*** Opening Exercise data ***
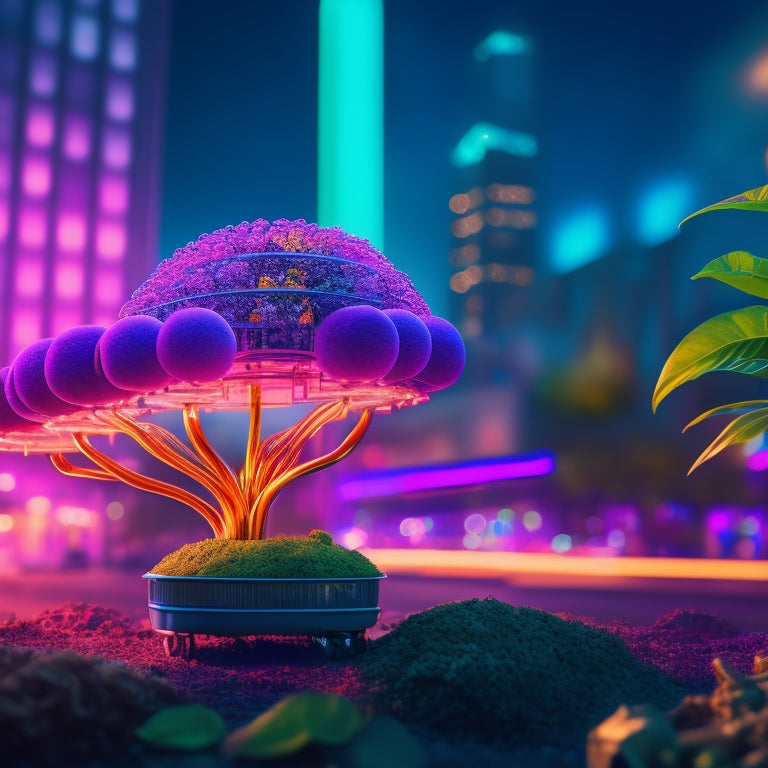 An abstract, futuristic illustration of a growing plant with gears and cogs integrated into its stem, surrounded by orbiting shopping carts and subtle, neon-lit cityscape in the background.
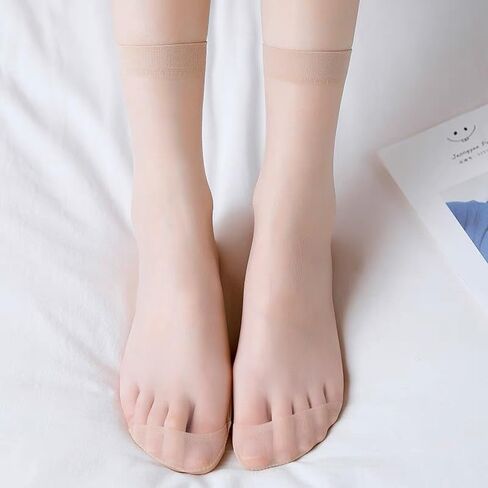 12 زوجًا من الجوارب النسائية الشفافة عالية الكاحل من النايلون، جوارب ضيقة ناعمة مع مقدمة معززة (6 أزواج سوداء، 6 أزواج عارية) in Kuwait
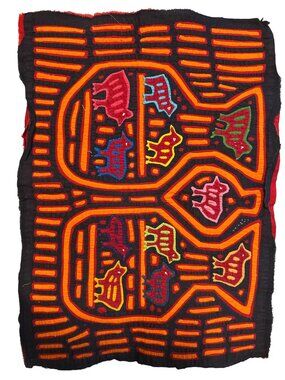 Handcrafted Kuna Mola Textile Panel With Vibrant Geometric & Animal Motifs Rever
*** Closing Exercise data ***
» Instructions to follow
Each line above is to be transcribed exactly, though its pictures are not.

» Task output
 An abstract, futuristic illustration of a growing plant with gears and cogs integrated into its stem, surrounded by orbiting shopping carts and subtle, neon-lit cityscape in the background.
 12 زوجًا من الجوارب النسائية الشفافة عالية الكاحل من النايلون، جوارب ضيقة ناعمة مع مقدمة معززة (6 أزواج سوداء، 6 أزواج عارية) in Kuwait
 Handcrafted Kuna Mola Textile Panel With Vibrant Geometric & Animal Motifs Rever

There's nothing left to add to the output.